• [SOURCE DATA]

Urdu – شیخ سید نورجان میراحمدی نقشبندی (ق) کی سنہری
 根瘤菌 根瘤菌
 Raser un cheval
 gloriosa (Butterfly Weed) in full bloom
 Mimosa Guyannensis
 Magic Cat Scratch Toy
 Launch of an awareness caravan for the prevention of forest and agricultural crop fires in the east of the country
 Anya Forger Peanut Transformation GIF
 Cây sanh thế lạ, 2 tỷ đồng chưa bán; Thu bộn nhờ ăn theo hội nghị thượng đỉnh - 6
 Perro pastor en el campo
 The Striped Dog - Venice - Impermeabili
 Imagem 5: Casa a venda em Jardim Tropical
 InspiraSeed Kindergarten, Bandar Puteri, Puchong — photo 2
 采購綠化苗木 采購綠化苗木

• [TASK STATEMENT] Would you repeat, exactly and with nothing added, every line from the line containing "The Striped Dog - Venice - Impermeabili" through the last line of the records above?

• [ANSWER BELOW]
 The Striped Dog - Venice - Impermeabili
 Imagem 5: Casa a venda em Jardim Tropical
 InspiraSeed Kindergarten, Bandar Puteri, Puchong — photo 2
 采購綠化苗木 采購綠化苗木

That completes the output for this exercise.